Quasi-solid electrolyte based on cost-effective sodium salt for high-performance sodium-ion supercapacitors

Abstract

Developing hydrogel-based quasi-solid electrolytes (QSEs) that simultaneously achieve an extended electrochemical window, improved interfacial stability, and an optimal balance between ionic conductivity and mechanical strength remains highly challenging. In this work, low-cost sodium nitrate (10 m NaNO₃)-based QSEs were synthesised via free radical polymerisation using tetra(ethylene glycol) diacrylate (TEGDA) as the monomer, 2-hydroxy-2-methylpropiophenone (HMPP) as the photoinitiator, and varying polyethylene glycol (PEG, 45–70 wt%) contents as the crosslinker. The QSEs were systematically characterised for their electrochemical performance, ionic conductivity, and mechanical properties at room temperature.
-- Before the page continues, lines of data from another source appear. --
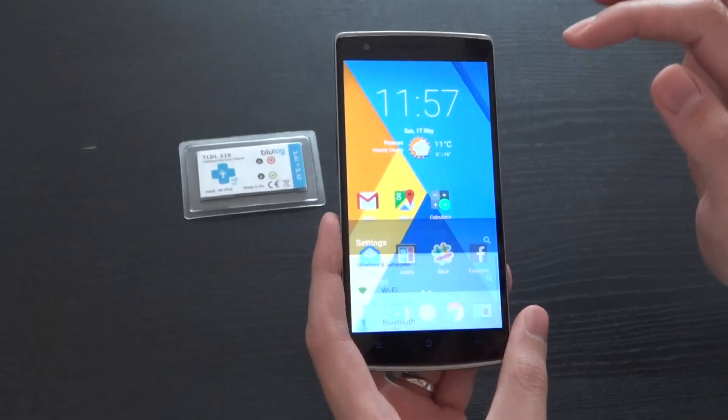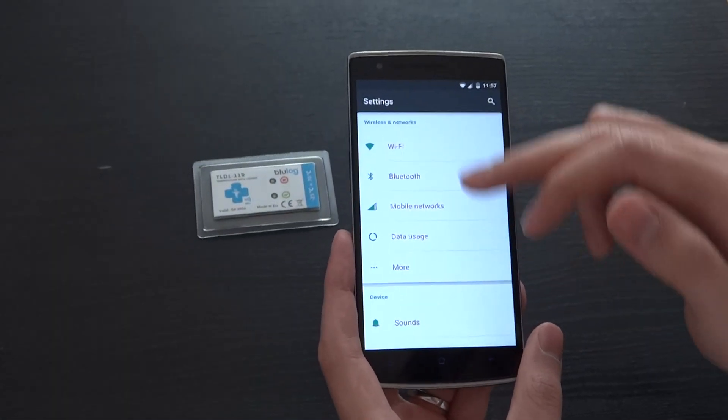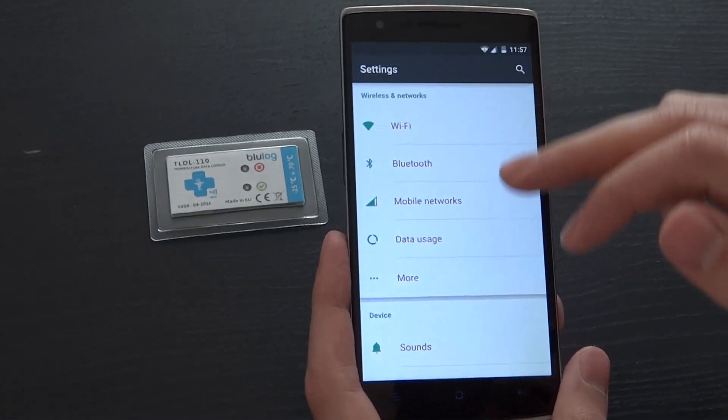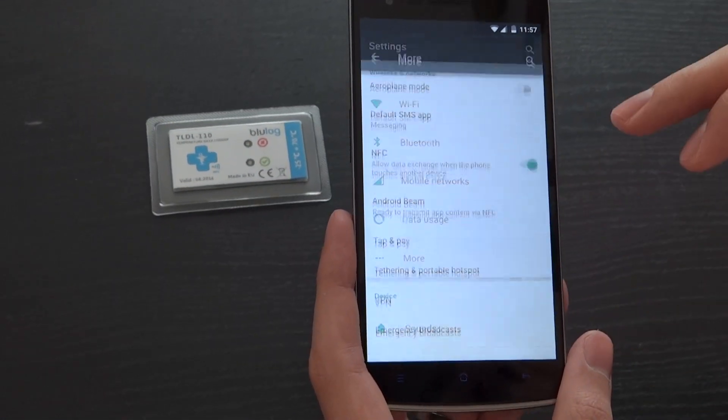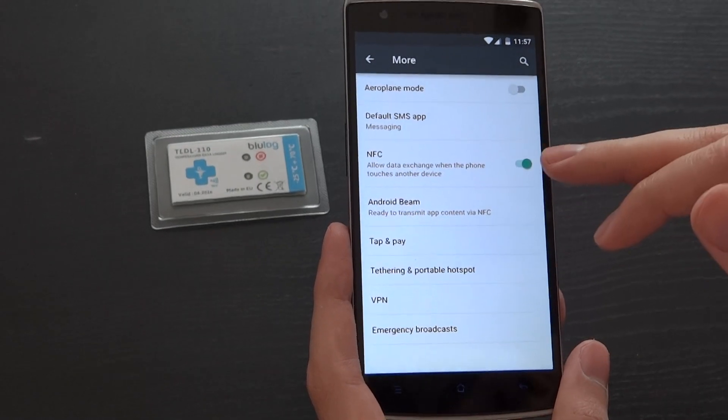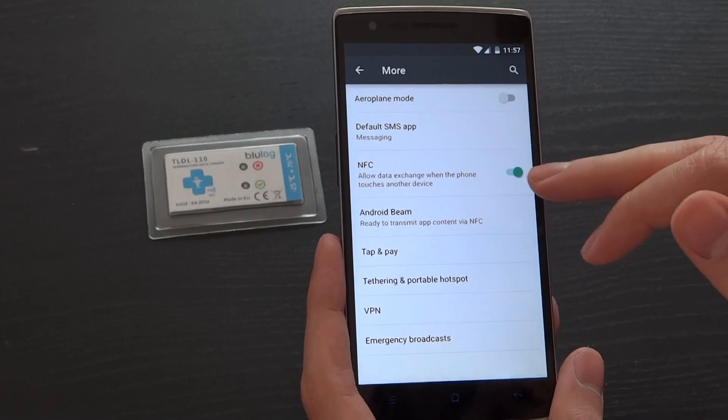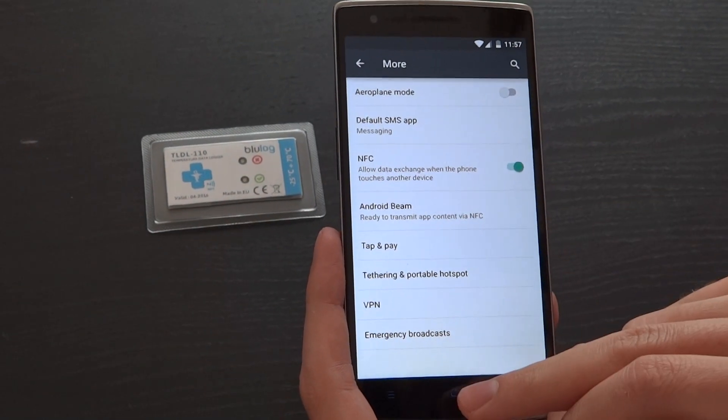To do this, simply go in the settings, wireless and networks, and more. You can see that NFC is activated.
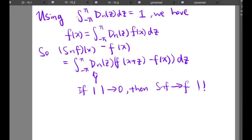Using the fact proven in the last slide, we get that f(x) equals the integral from negative pi to pi of d_N(z) times f(x) dz. So S_N(f)(x) minus f(x) equals the integral involving d_N(z). If the absolute value of this tends to zero, then S_N(f) tends to f as n tends to infinity.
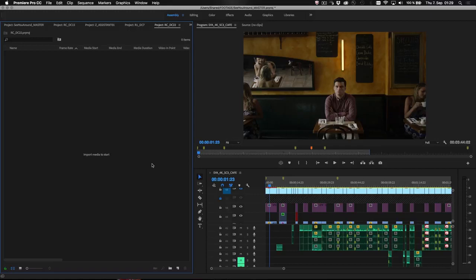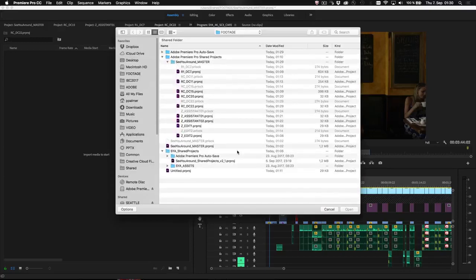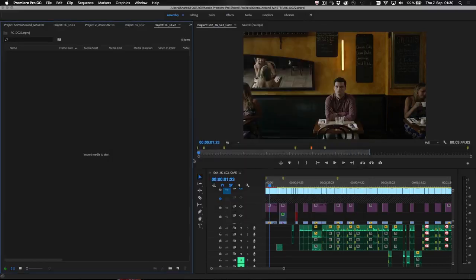When you start a new shared project, it will automatically be locked for other users. While you make edits, it will be available to others on your network to reference as read-only.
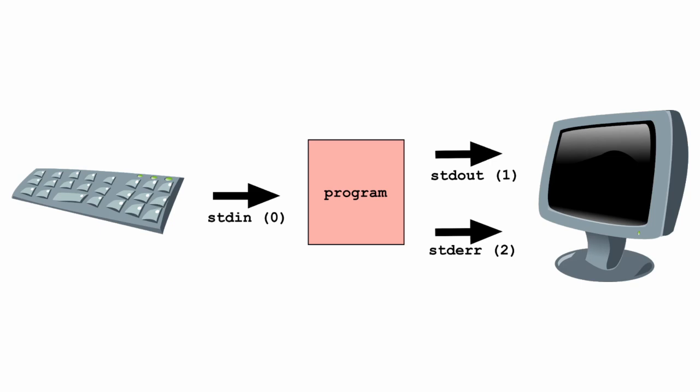But this is what it normally looks like. The user types in data using the keyboard, and the program spits out its information on the terminal. If an error occurs, this will also be printed on the terminal.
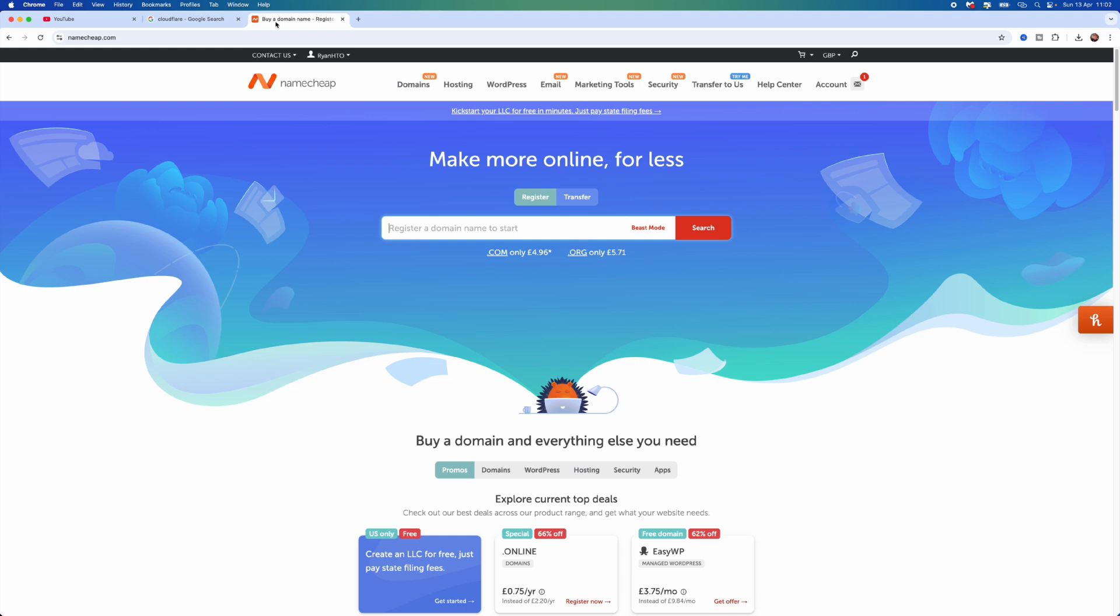Once you are on the Namecheap home page, the first thing we need to do is add to our username in the top left-hand corner, and then you want to scroll down and select Dashboard.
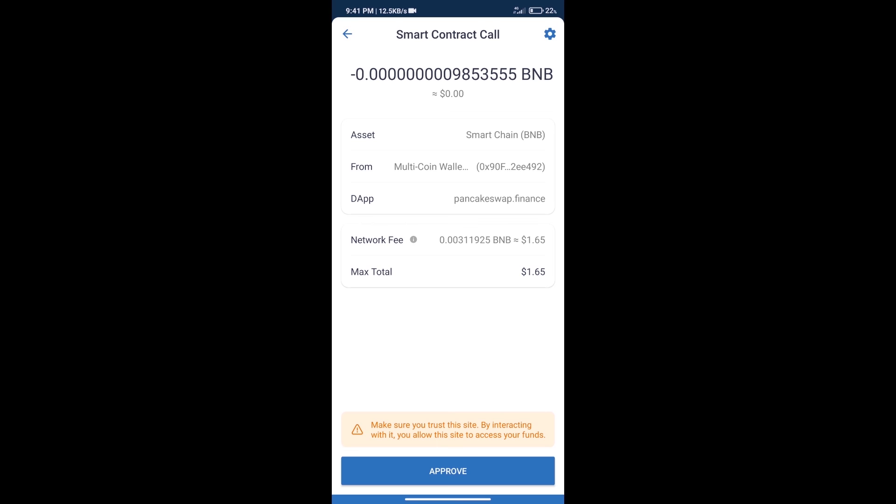After that, we will click on approve and finally we will get this token successfully. So guys, I have only shared the technical process, not financial advice. Invest in cryptocurrency at your own risk. Thanks for watching.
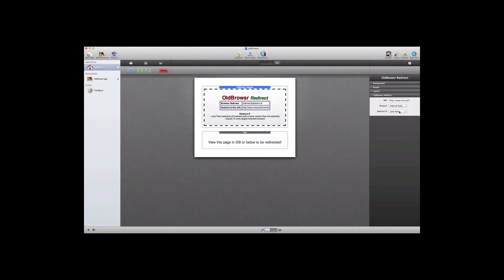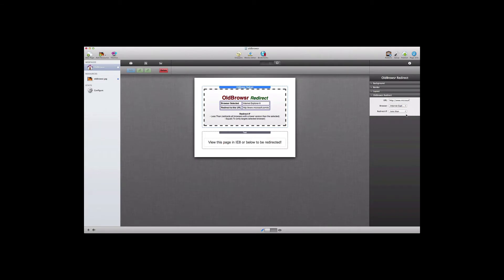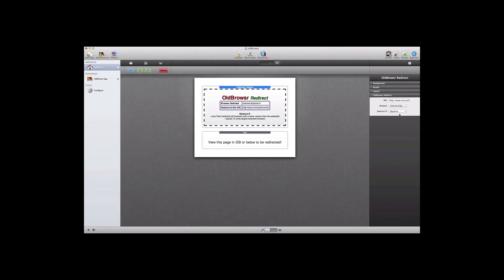We would set up the URL where we'd want to send users using specific versions of Internet Explorer, and then we next define those versions. And so we can go from Internet Explorer 9 all the way down to version 6, or anywhere in between, and then we can set a condition. So for example, if we had selected Internet Explorer 9 as the browser, and set the less than redirect if, then that would mean anyone using a browser less than Internet Explorer 9 would be redirected to the URL here.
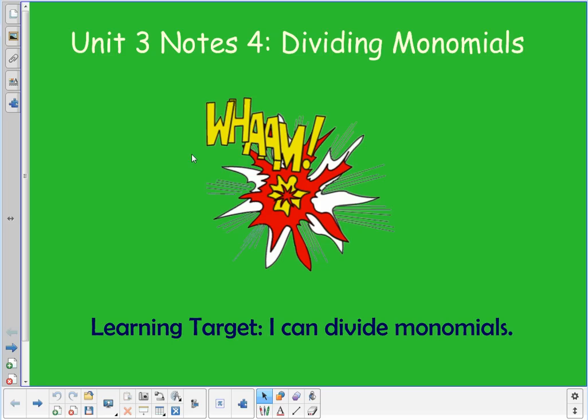Hey guys, it's Ms. Johnson and I'm here to bring you our fourth video for Unit 3. We're on Unit 3, Notes 4, which is Dividing Monomials. We are continuing our operations with monomials and picking up with dividing.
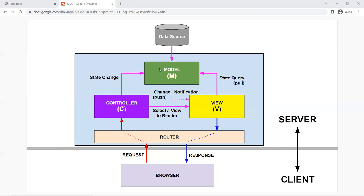Here are the three major components of the MVC model. We looked at the model already — we created a simple model called Projects. Even though the projects data is not actually from a database, it's still a model because we created a class called Project that stores and represents the shape of our data. Then we have the view. We created lots of views already, and the job of the view is to render content to the browser. There's a push and pull system between the model and the view, where sometimes the model can push data on a state change to the view to render.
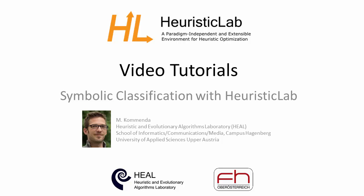Hello and welcome to the video tutorial on symbolic classification with Heuristic Lab. In this tutorial we create a binary classification model with genetic programming and analyze the results.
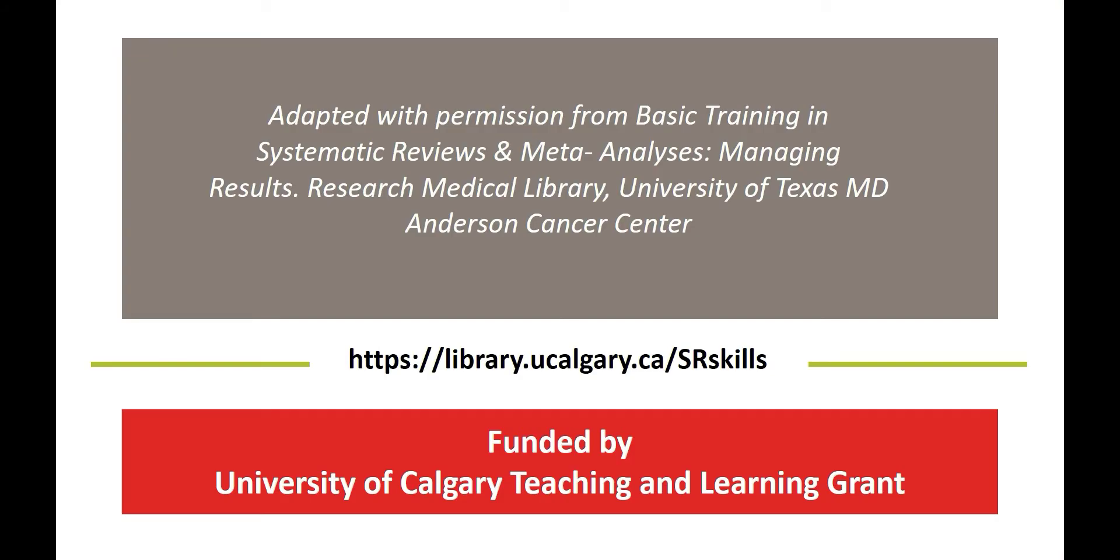This video was adapted with permission from Basic Training in Systematic Reviews and Meta-Analyses Managing Results from the Research Medical Library at the University of Texas MD Anderson Cancer Center and funded by the University of Calgary Teaching and Learning Grants. For more information about systematic reviews please see the University of Calgary LibGuide.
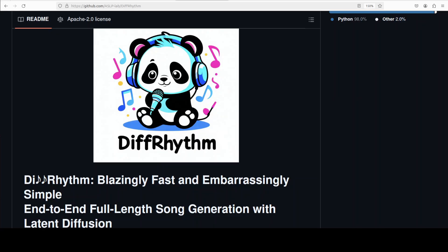It only needs lyrics and a style prompt to quickly produce a full-length song up to 5 minutes in just 10 seconds. Yes, you can generate a full-blown song in just 10 seconds. It uses a specially designed variational autoencoder, or VAE, to compress the music into compact form, making the entire process fast and efficient.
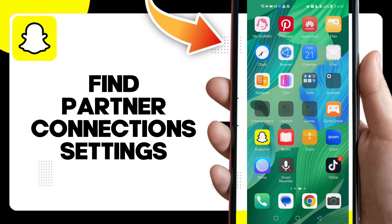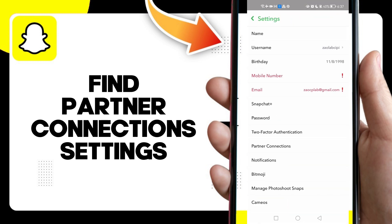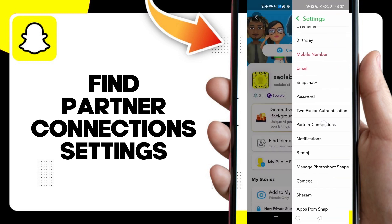Hello guys, in today's video I'm going to show you how to find partner connections on your account on Snapchat, easy and quick. First, after you click on your profile icon, click on the settings icon here.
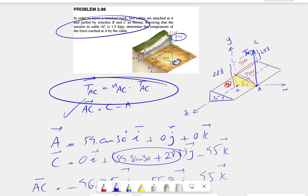We also have another cable in this question — cable AB. Let me know in the comment section if you want me to make another video for the tension in cable AB. See you guys.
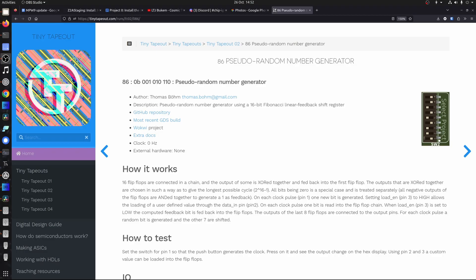Following the success of Tiny Tape Out 2 — silicon bring-up amazing! — I thought I'd put together a short video of some of the projects. So let's get started with Thomas Bohm's pseudo random number generator.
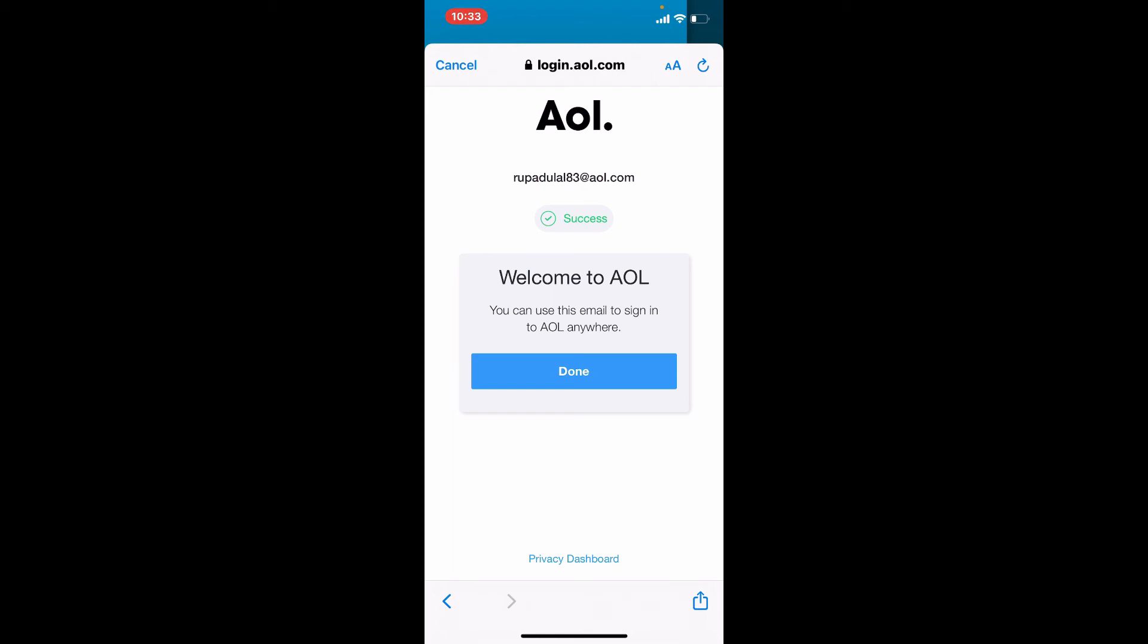Soon after you do that, you'll be able to create a new account for AOL. That is how you sign up, quick and easy right away.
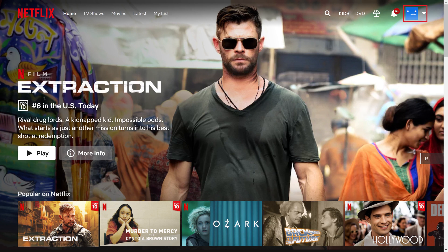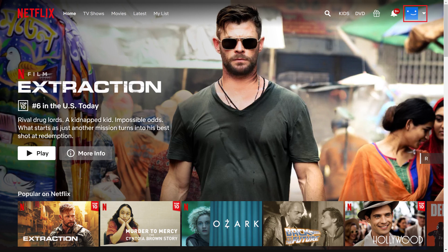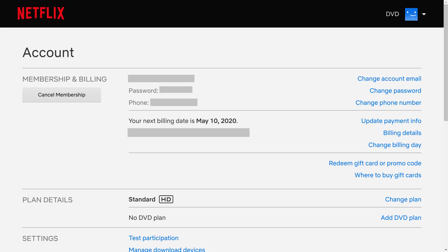Step 2. Click the drop-down arrow next to your profile icon at the top of the screen to open a menu, and then click Account in the menu. The Account screen is displayed.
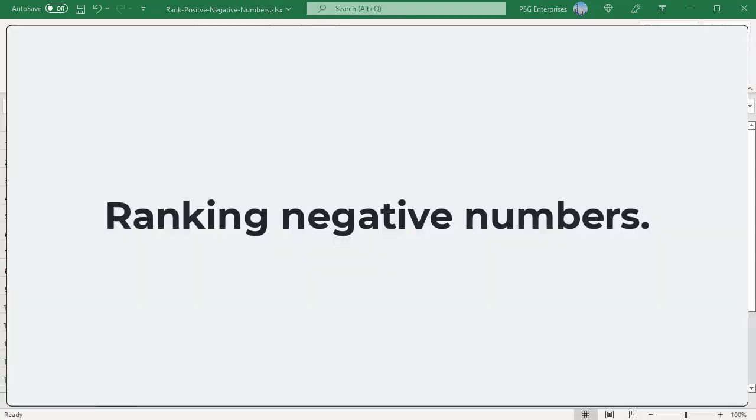The same logic is used to rank negative numbers. The logic used to rank positive numbers in descending order is used to rank negative numbers in ascending order, and the logic used to rank positive numbers in ascending order is used to rank negative numbers in descending order. To rank negative numbers in ascending order, use this formula.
Linear sweep voltammetry showed a widened electrochemical window of 2.4 V. As the PEG content increased from 45 to 70 wt%, ionic conductivity declined from 9.18 to 1.55 mS cm⁻¹, while the QSE with 60 wt% PEG exhibited the highest Young's modulus (2.95 MPa) and hardness (0.16 MPa), indicating the optimal balance between ionic conductivity and mechanical properties. The symmetric supercapacitor constructed using activated carbon electrodes and QSE containing 60 wt% PEG exhibited a specific capacitance of 168.3 F g⁻¹ when operated at 0.2 A g⁻¹ current density. The supercapacitor delivered a power density of 459.44 W kg⁻¹ alongside a peak energy density of 134.64 Wh kg⁻¹. When the power density was elevated to 4876.80 W kg⁻¹, the corresponding energy density was maintained at 20.32 Wh kg⁻¹. These results demonstrate the strong promise of NaNO₃-based QSEs as cost-effective, flexible, and high-performance electrolytes for next-generation sodium-ion supercapacitors.